The randomized controlled trial proved the researchers’ hunch that a partisan message would be a potent way to overcome the entrenched partisan divide around COVID-19 vaccines, according to co-author Steven Tadelis, professor of business and public policy at the Haas School of Business. It was also relatively inexpensive.
“Creating an intervention that effectively costs about $1 per extra vaccine is remarkably cost-effective, and a small fraction of the cost of other interventions,” Tadelis said, noting that studies of U.S. state vaccine lotteries put the cost at $68 to $82 per vaccine. Offering people direct compensation for getting vaccinated in Sweden put that cost at $24.
“Creating an intervention that effectively costs about $1 per extra vaccine is remarkably cost-effective, and a small fraction of the cost of other interventions.” —Steven Tadelis, Berkeley Haas
Using politics to overcome the political divide
Data from the Kaiser Family Foundation found that among the 27% of American who remained unvaccinated as of October, 60% identify as Republicans and just 17% as Democrats. Counties that voted heavily for Trump experienced COVID-related death rates nearly three times higher than counties that voted heavily for Joe Biden, an NPR analysis found.
Although Trump spearheaded Operation Warp Speed and he and former First Lady Melania Trump got their shots as soon as the vaccine was available, Trump did little to encourage vaccine uptake. Meanwhile, messaging from the Centers for Disease Control and Prevention (CDC) and medical experts about the vaccine’s efficacy has been overshadowed by a drumbeat of skeptical Fox News personalities who are also among Trump’s biggest boosters.
“We felt like there should be a better way to send a message that would resonate with people on the right,” said Stanford economics professor Brad Larsen, lead author of the study, in a press release.
“We felt like there should be a better way to send a message that would resonate with people on the right.” —Brad Larsen, Stanford University
The National Bureau of Economic Research working paper was co-authored by political science professors Timothy Ryan, Marc Hetherington, and Rahsaan Maxwell from the University of North Carolina at Chapel Hill and Steven Greene from North Carolina State University.
Creating the experiment
The researchers received funding for the experiment from the Vaccine Confidence Fund, and it was approved under the Institutional Review Board at Stanford University.
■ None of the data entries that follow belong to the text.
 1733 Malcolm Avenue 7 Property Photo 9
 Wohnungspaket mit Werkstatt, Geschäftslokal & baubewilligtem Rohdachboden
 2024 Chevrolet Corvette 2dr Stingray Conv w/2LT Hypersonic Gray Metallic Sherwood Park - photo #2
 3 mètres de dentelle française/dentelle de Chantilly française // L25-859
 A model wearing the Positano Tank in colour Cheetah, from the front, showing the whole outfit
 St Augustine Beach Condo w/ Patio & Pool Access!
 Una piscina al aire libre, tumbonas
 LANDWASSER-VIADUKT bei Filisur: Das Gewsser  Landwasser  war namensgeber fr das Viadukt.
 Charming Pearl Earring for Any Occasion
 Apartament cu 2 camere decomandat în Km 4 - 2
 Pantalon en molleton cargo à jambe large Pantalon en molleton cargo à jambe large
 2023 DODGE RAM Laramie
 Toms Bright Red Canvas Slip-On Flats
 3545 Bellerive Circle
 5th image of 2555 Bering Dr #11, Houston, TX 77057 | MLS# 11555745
They hired a professional video editor to create a 27-second public service announcement with an upbeat soundtrack. It opens with the Fox 13 News Utah anchor declaring, “Donald Trump is urging all Americans to get the COVID-19 vaccine.” It then cuts to a phone interview in which Fox News anchor Maria Bartiromo nods in agreement while then-President Trump says, “I would recommend it, and I would recommend it to a lot of people that don’t want to get it, and a lot of those people voted for me, frankly.”
Next is another clip of the Fox 13 News Utah anchor explaining, “Both Trump and former First Lady Melania Trump did receive their vaccines privately in January at the White House.” The final shot shows a social media post Ivanka Trump shared when she got her jab. The ad closes with the statement, “Your vaccine is waiting for you.” It also includes a link back to the original broadcast.
The research team spent just under $100,000 on YouTube’s advertising platform, Google Ads, to air the video in counties with vaccination rates below 50%. The video was pushed out to 1,083 counties across the U.S. from Oct. 14 to 31, 2021. The study included a control group of 1,085 similar counties that did not receive the ad.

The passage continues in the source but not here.